At last they were released. A small Virtual marker materialized before them and floated off. It led them to a roofless office, deep in the heart of the dome, with a long conference table and a nano-food niche. With a sigh, Nilis ordered hot tea.

“And now we wait,” he said to the ensigns. “We’re on time, but Gramm won’t be. It’s all part of the game of power, you know…”

This dome belonged to Gramm’s Ministry of Economic Warfare, he told them. Aside from its specifically military arms, like the Navy and the Green Army and the Guardians, mankind’s police force, and agencies with cultural goals such as the Commission for Historical Truth and the Ministry of Public Enlightenment, the three greatest Ministries at the heart of the Interim Coalition of Governance were the Ministry of Economic Warfare, the Ministry of Supply, and the Ministry of Production.

Nilis chattered on, “Even though they all report in to a single Grand Conclave member — Philia Doon, the Plenipotentiary for Total War — to get anything done you have to deal with all three.
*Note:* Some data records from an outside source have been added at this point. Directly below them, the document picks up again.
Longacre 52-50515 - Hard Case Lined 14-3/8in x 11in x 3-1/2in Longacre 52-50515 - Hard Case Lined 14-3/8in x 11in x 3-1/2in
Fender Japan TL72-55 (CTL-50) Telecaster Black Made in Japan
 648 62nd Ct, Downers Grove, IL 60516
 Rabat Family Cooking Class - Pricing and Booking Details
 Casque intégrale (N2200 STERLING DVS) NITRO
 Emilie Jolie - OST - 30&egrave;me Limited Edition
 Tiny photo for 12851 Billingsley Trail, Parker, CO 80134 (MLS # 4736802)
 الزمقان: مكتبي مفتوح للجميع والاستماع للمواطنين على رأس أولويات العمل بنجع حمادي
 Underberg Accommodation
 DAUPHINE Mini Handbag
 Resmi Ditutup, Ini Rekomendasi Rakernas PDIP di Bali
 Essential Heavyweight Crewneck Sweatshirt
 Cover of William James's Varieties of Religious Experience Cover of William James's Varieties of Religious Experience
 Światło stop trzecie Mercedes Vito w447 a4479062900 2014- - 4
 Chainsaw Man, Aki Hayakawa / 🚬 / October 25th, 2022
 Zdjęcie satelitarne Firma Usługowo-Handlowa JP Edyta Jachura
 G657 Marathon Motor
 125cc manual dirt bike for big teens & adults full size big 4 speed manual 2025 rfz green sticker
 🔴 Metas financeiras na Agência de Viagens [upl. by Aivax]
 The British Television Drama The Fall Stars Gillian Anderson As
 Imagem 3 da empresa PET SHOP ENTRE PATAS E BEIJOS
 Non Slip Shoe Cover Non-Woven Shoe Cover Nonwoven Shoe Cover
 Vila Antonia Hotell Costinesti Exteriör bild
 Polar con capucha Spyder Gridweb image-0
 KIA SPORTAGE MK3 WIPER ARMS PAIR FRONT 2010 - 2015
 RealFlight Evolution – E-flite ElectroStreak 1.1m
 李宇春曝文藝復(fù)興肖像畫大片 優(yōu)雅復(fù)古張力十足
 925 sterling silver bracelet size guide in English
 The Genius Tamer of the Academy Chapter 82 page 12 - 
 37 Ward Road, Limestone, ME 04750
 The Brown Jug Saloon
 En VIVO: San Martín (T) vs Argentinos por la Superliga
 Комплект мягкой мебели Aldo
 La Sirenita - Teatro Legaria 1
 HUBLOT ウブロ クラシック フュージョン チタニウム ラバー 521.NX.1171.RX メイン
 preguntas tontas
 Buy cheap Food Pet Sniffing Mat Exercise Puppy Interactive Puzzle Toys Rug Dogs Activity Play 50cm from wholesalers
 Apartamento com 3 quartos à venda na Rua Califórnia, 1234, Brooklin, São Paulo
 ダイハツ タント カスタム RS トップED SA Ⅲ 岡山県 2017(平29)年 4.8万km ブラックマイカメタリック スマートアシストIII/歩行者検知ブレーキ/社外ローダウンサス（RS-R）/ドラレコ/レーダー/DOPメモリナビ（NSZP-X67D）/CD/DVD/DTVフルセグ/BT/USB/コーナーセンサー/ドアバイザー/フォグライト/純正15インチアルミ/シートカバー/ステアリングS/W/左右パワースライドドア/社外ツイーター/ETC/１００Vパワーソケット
Even Minister Gramm can’t deliver anything by himself. But Economic Warfare’s aim is to ensure the dedication of all mankind’s resources to the great goal. To some extent it acts as an intermediary between the other two. And that gives Gramm some leverage. He can be a difficult man, but I couldn’t ask for a more useful ally… Ah, Minister!”

Minister Gramm came bustling into the room. Even by the standards of Earth, Pirius thought, he was stupendously fat; his great belly pushed out his gray cloak so that it hung over his legs, and his fingers, clasped before his stomach, were tubes of pasty flesh. His scalp was shaven and his cheeks heavy, so that his head was like a round moon.

He brought two people with him, both women. The first he briskly introduced as Pila, a senior advisor, whom Nilis had evidently met before. Golden-haired, she was slim, beautiful, expensively dressed, and oddly detached, as if all this was somehow beneath her. She showed no interest in the ensigns.